More recently in 1979, the Arab Revolutionary Council poisoned Israeli oranges with mercury, disrupting Israeli trade. The problem with that tactic is that is damaged other countries’ trade. “It showed the unpredictability of agroterrorism,” Silverberg said. “They got everyone mad at them and did not achieved their larger political objective.”

Again in1989 some Chilean grapes were poisoned with cyanide and ended up at the port of Philadelphia. The U.S. and Canada recalled all Chilean fruit, costing Chile hundreds of millions of dollars and bankrupting over 100 Chilean growers. It was a tactic to get back at Pinochet’s dictatorship, but then it had unintended consequences because it was hard to control.

Though it seems like agricultural operations would be a prime target, Silverberg explained that agroterrorism does not usually fit in well with a terrorist’s objectives of a defined target (because agroterrorism is not immediate and targeted like an explosion, for instance) and perhaps our bigger threat is from within, such as disgruntled employees wanting to get back at an employer. "That type of person would know the industry, know the system, know the vulnerabilities and have some idea of the consequences at some level.”

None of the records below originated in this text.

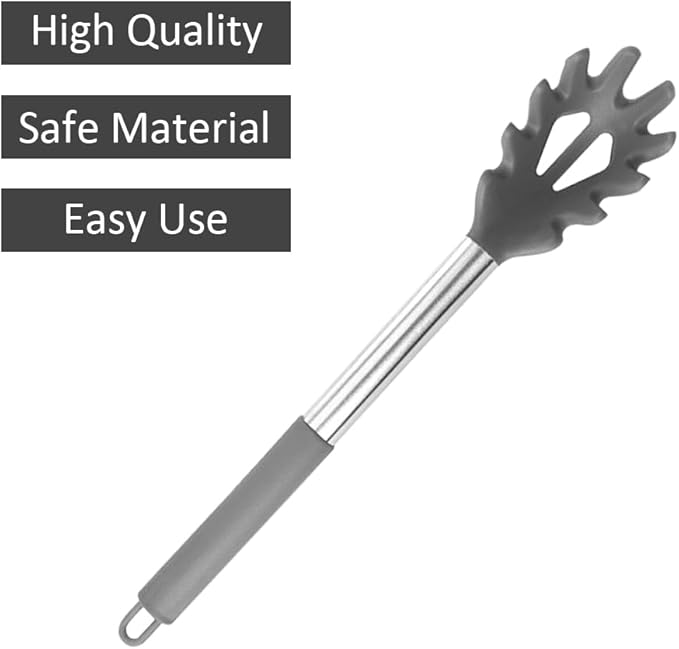 Silicone Pasta Fork, Spaghetti Server, Professional Pasta Server Spoon Heat Resistant Noodle Spoon, Spaghetti Strainer Best Cooking Tools
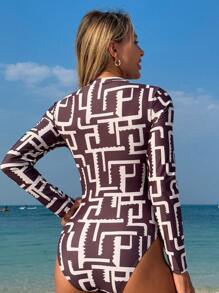 Swim SPRTY 1 pièce Maillot de bain une pièce ample avec imprimé asymétrique, manches longues, style sportif avec fermeture éclair, pour vacances pour femmes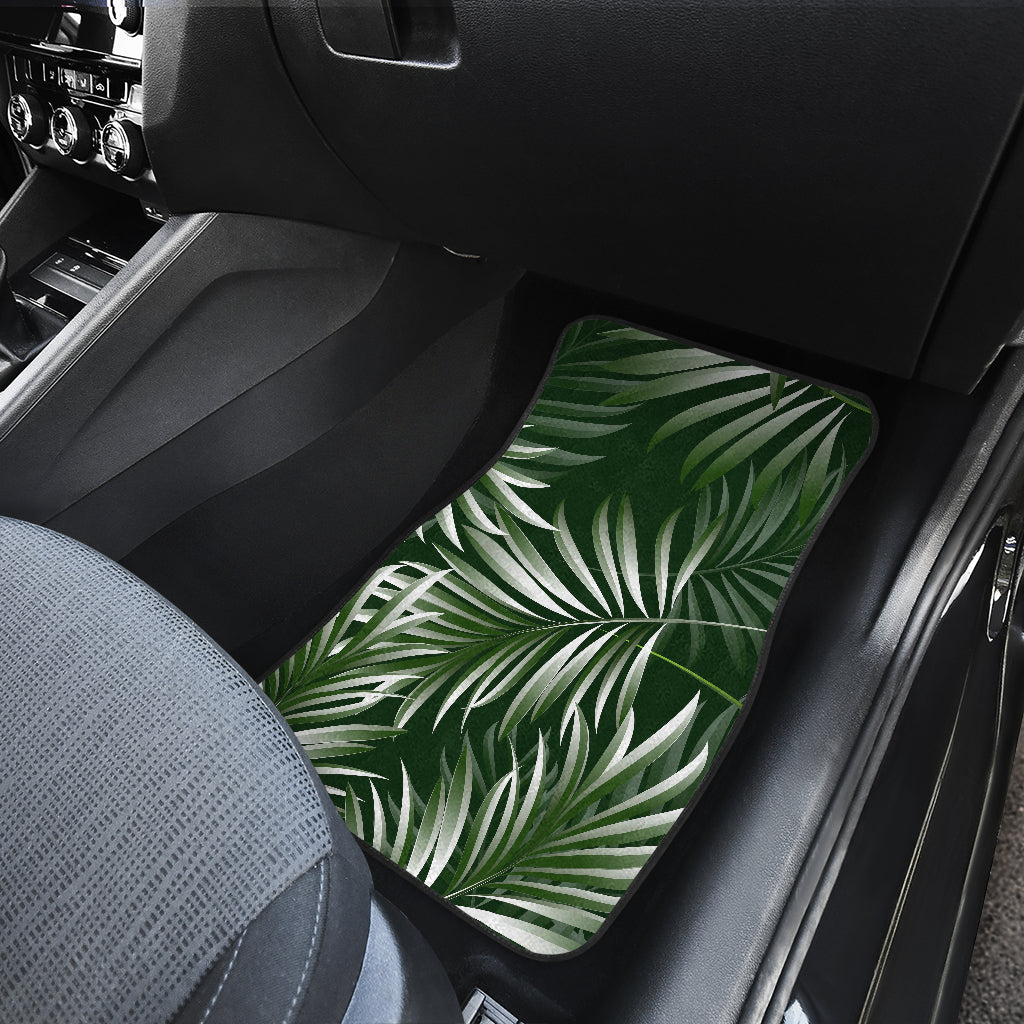 White Green Tropical Palm Leaves Car Floor Mats Front Back
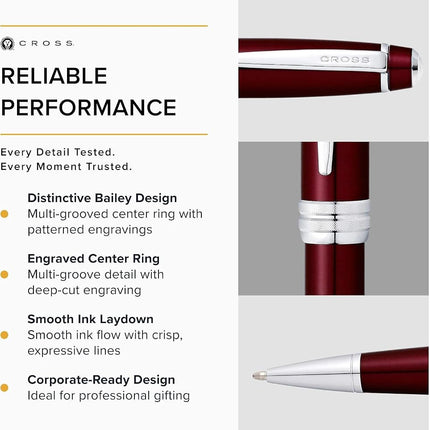Cross Bailey Ballpoint Pen - Twist Mechanism - Black Ink - Line Width M - Red Lacquer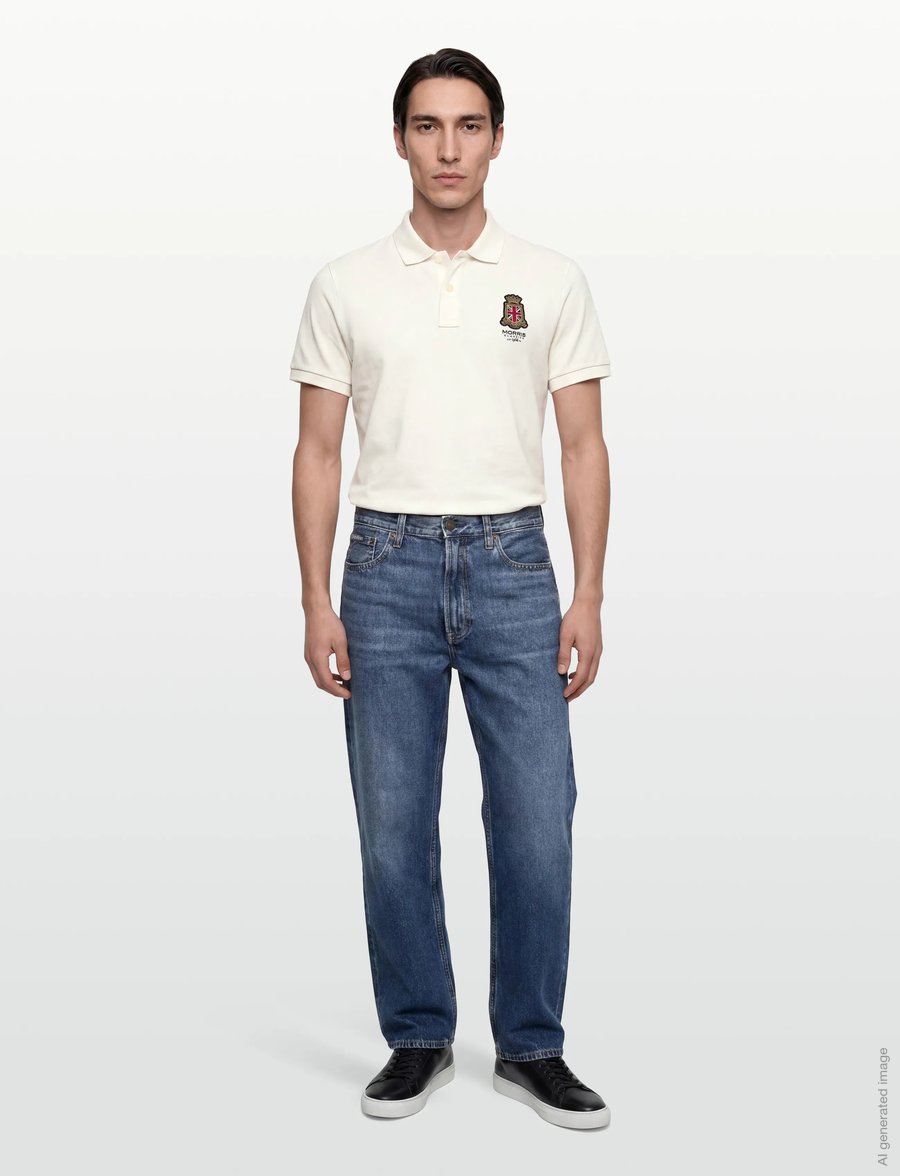 Morris - Barton Piqué Shirt - short-sleeved polos - off white - 0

That’s not say it couldn’t happen. “There is a lot of vulnerability in the agriculture industry,” Silverberg said. “There is a possibility that someone might do something that might harm the feed or the livestock and create an incident that would harm the industry. It’s something we need to keep in mind as we go about our business and look at our food supply. We need vigilance, basic precautions and being conscious of what’s going on around us; there are here are hazards and bad people out there.”